AVAILABLE DATA: Begin

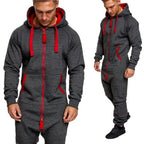 Onesie / Jumpsuit Mörkgrå med röda detaljer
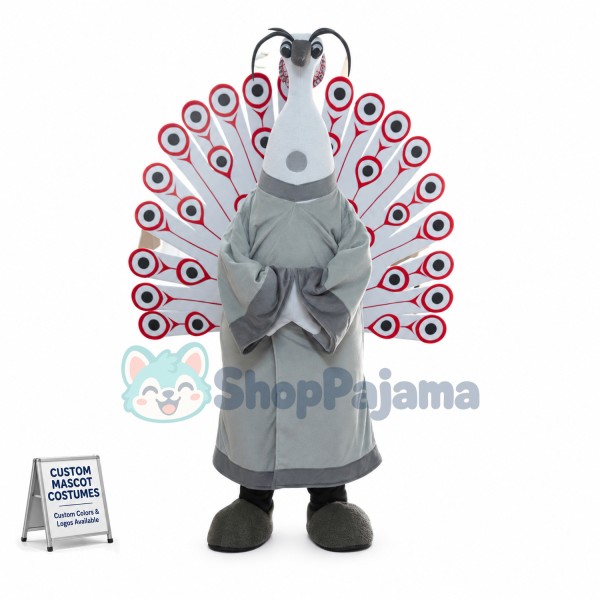 White Peacock In Monk Robe Mascot Costume
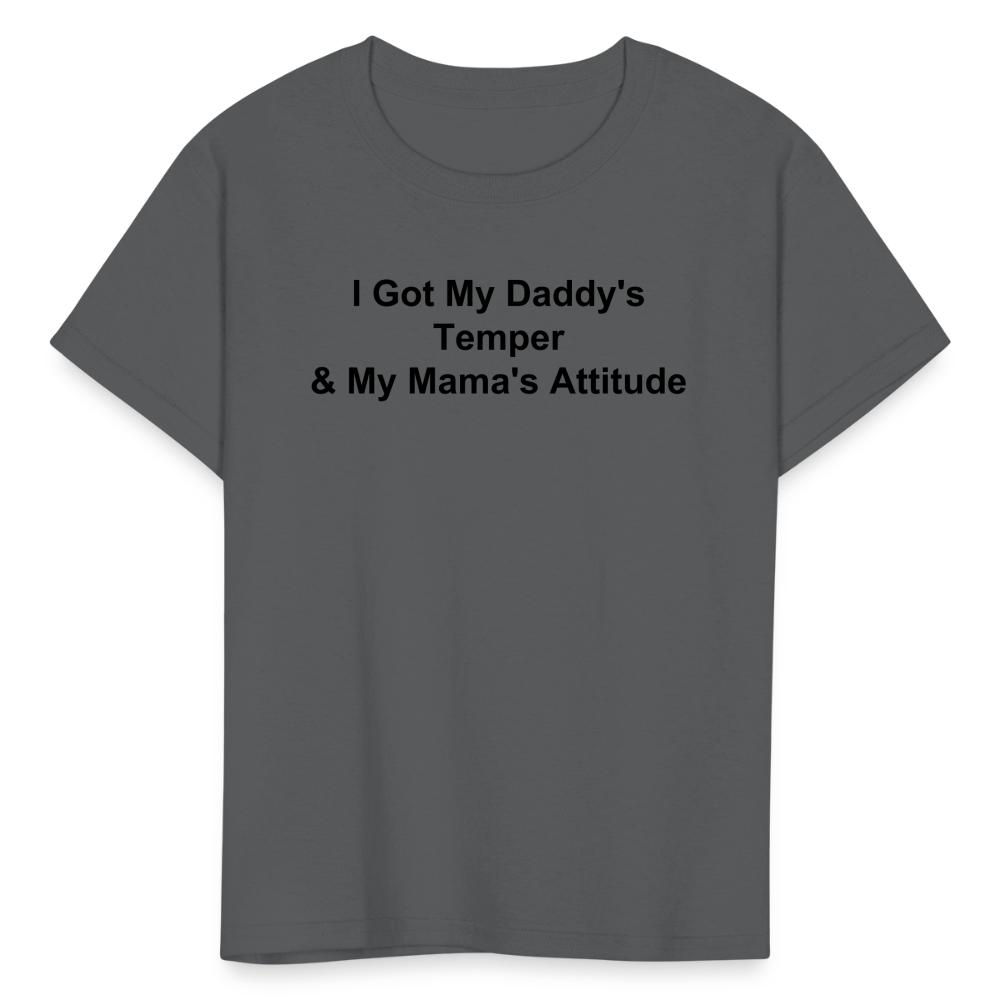 Kids Unisex Attitude Custom T Shirt - charcoal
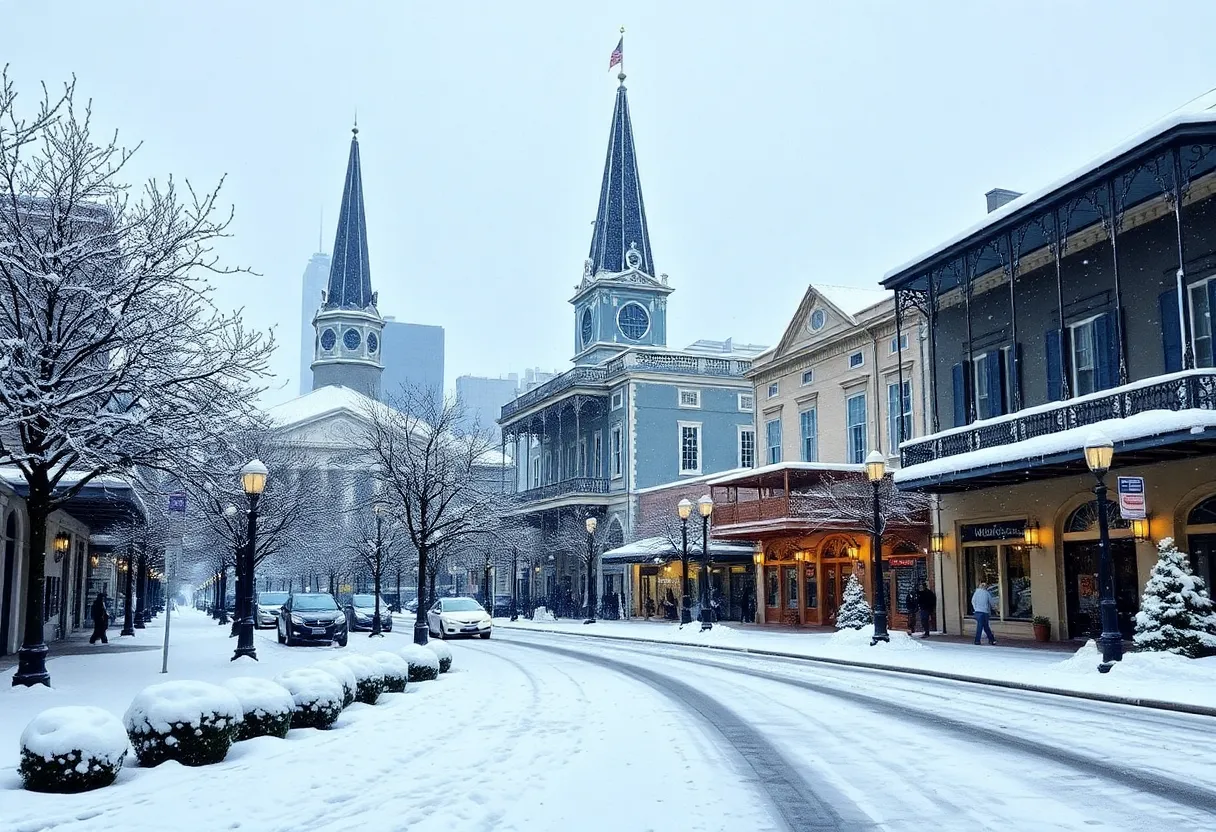 New Orleans streets covered in snow during Winter Storm Enzo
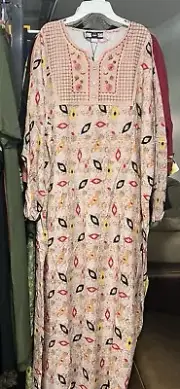 XL Women Long Dress Long Sleeve Abaya Gown Kaftan Rayon Fabric 56 Inches Long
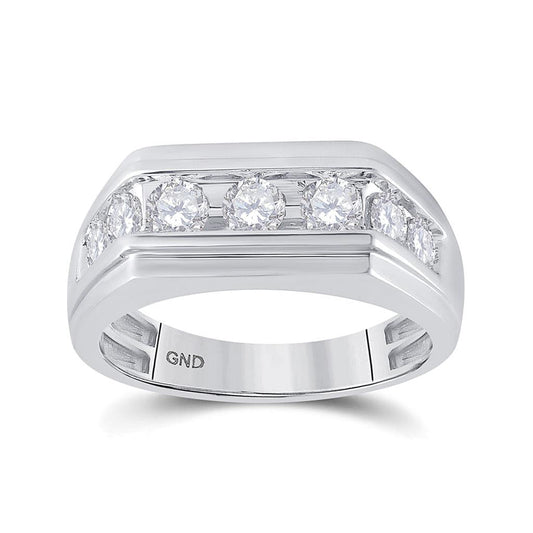 14k White Gold Round Diamond Flat Top Band Ring 1 Cttw
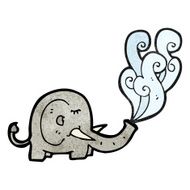 elephant squirting water cartoon N3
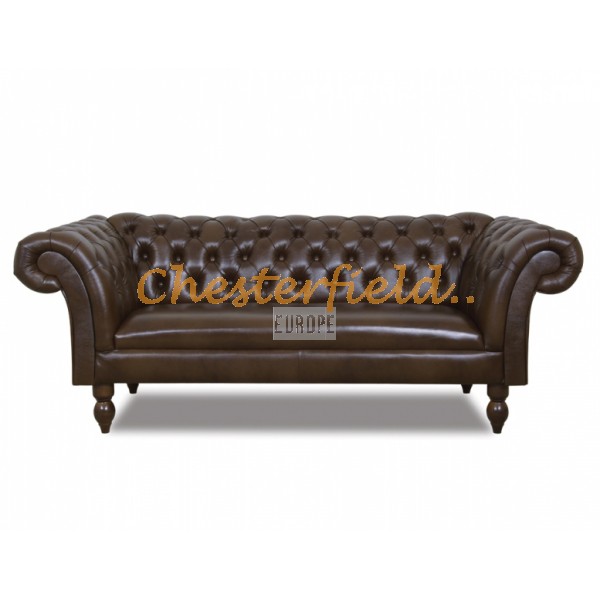 Diva Chesterfield 3 sits soffa brun (A5) i färg helt i äkta skinn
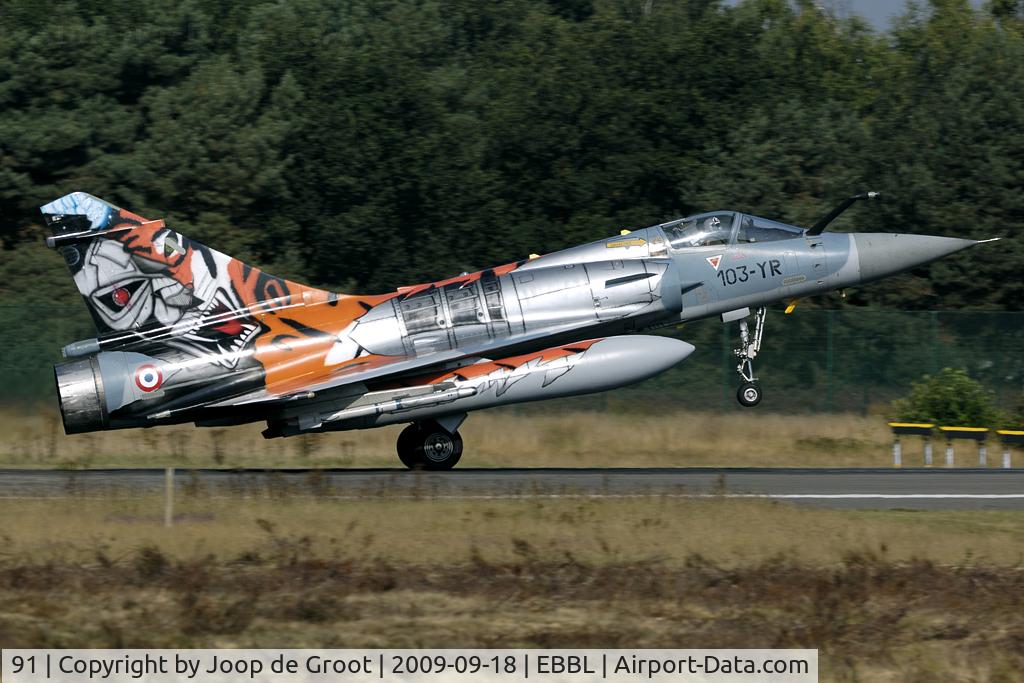 91, Dassault Mirage 2000C C/N 346, Strange looking Tiger colors on this Mirage 2000 of the French AF.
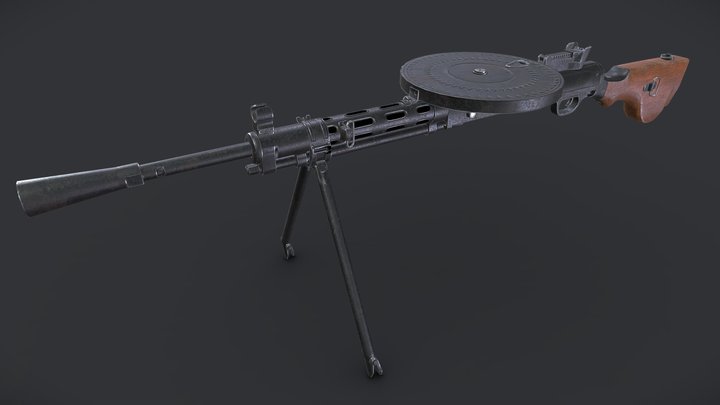 Degtyaryov Machine Gun DP-27 3D Model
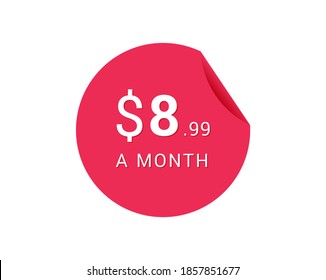 Icono mensual de $8.99 dólares estadounidenses, etiqueta mensual de $8.99
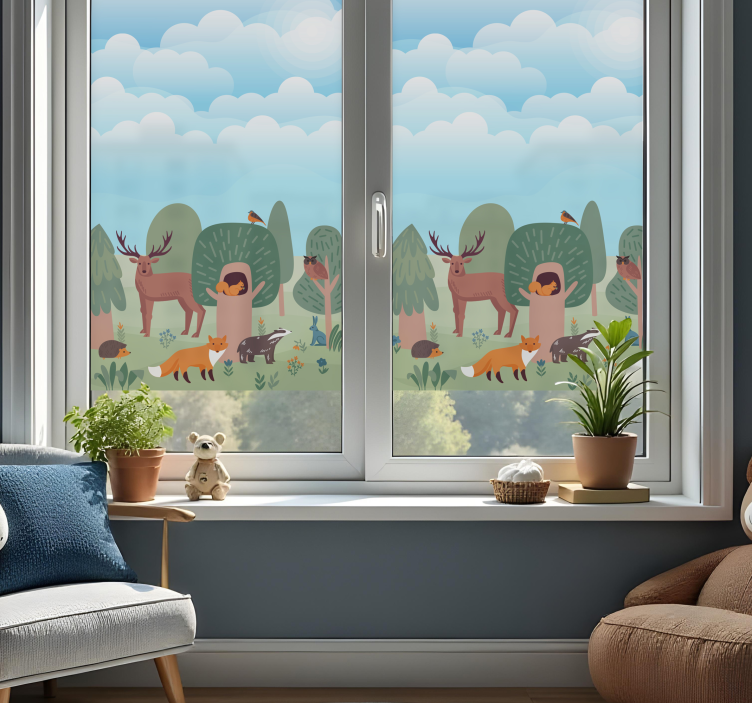 forest animals scene window sticker - TenStickers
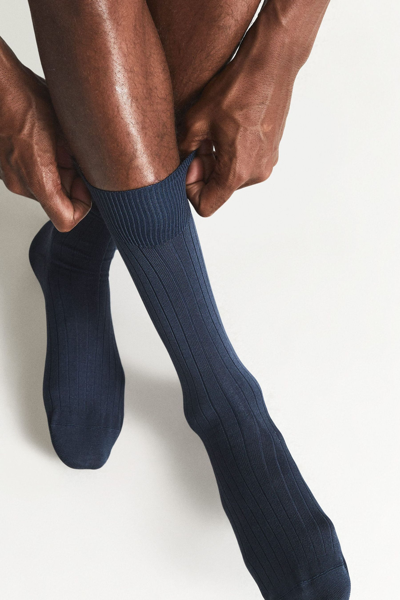 Shop Reiss Fela - Airforce Blue Ribbed Socks, Uk S/m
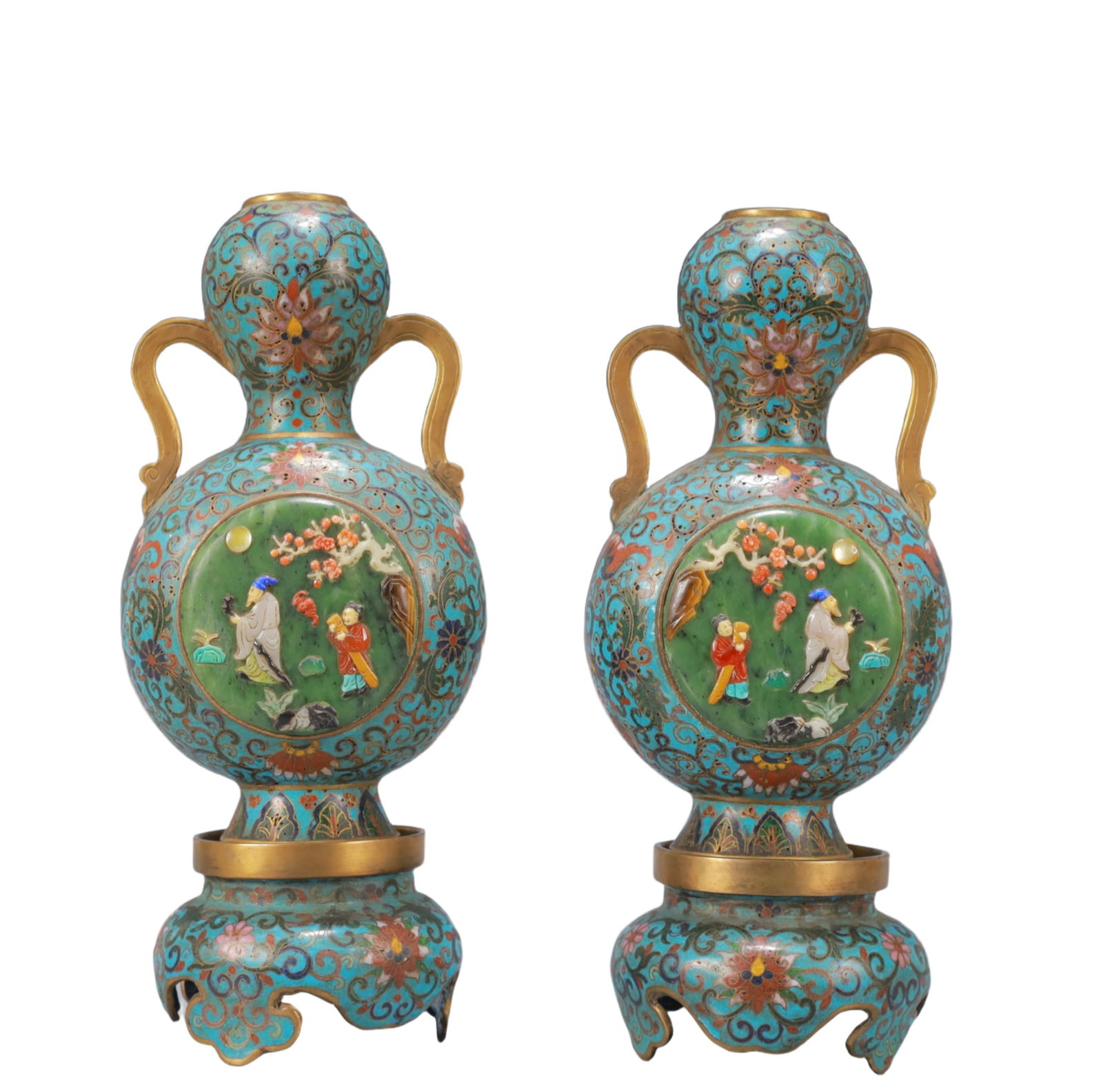 A Exquisite A pair of Cloisonne Lotus Pattern Character and Story Pattern Double-Ears Vase: A Exquisite A pair of Cloisonne Lotus Pattern Character and Story Pattern Double-Ears Vase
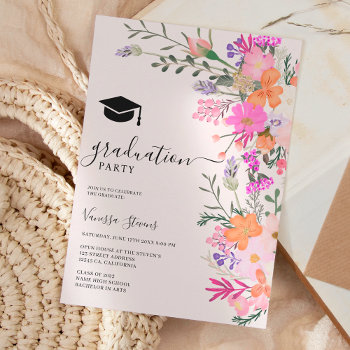 Romantic Pastel Wild Flowers Spring Graduation Invitation by girly_trend at Zazzle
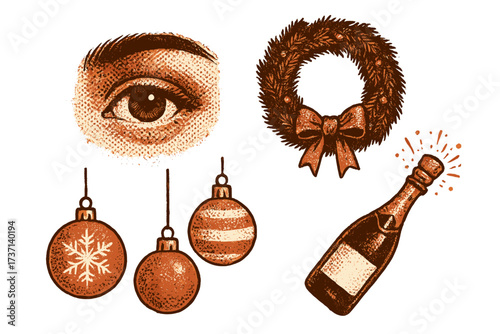 Vintage artistic halftone Christmas montage with detailed human eye, festive wreath with bow, popping champagne bottle, and decorated Christmas baubles vector art, holiday celebration design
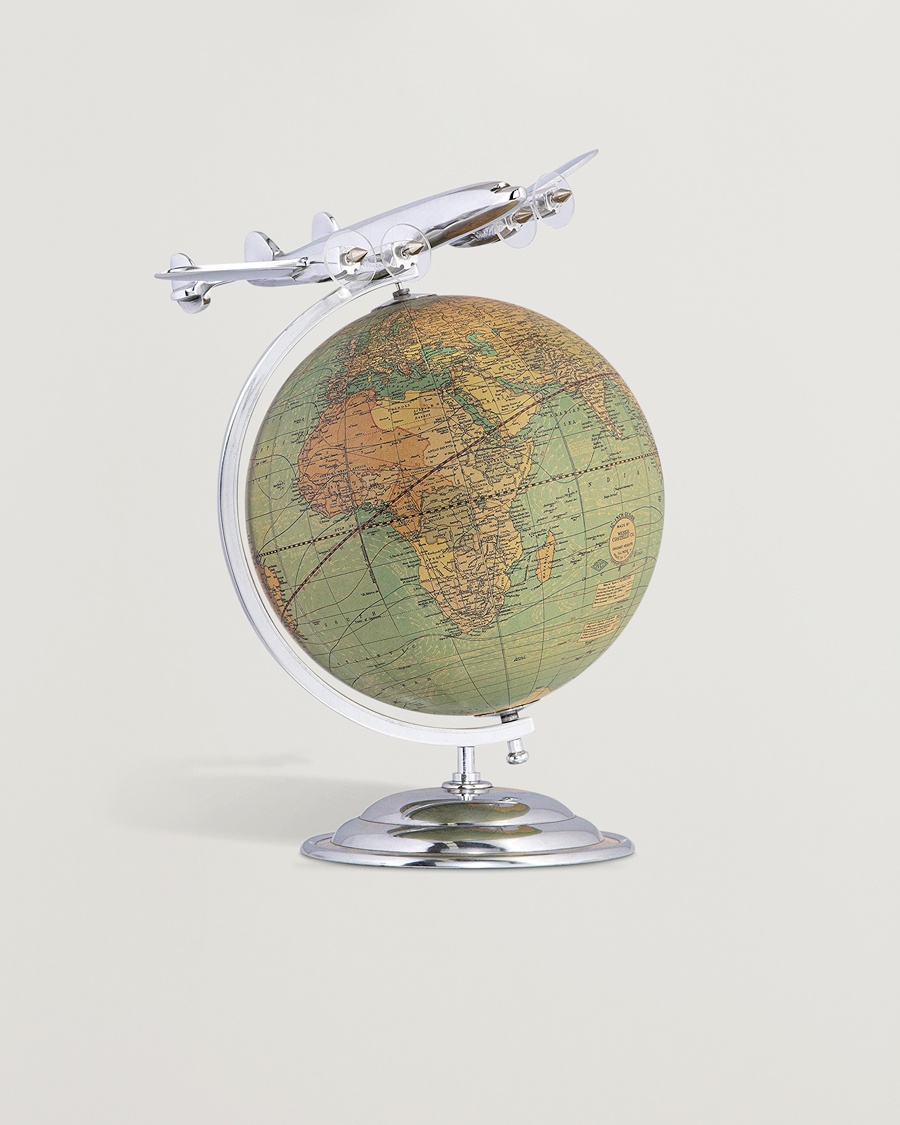 Authentic Models On Top Of The World Globe and Plane Silver – Silver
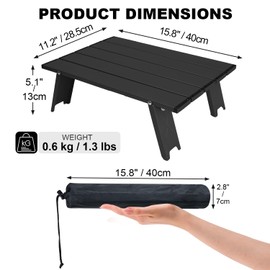 Outplea Small Folding Camping Table, Mini Low Portable Beach Tables, Black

AVAILABLE DATA: End

**BRIEF:** All lines from the one containing "Authentic Models On" through the end of the data are to be written out exactly, with nothing added; skip the pictures.

**SOLUTION TO THIS PROBLEM:**
 Authentic Models On Top Of The World Globe and Plane Silver – Silver
 Outplea Small Folding Camping Table, Mini Low Portable Beach Tables, Black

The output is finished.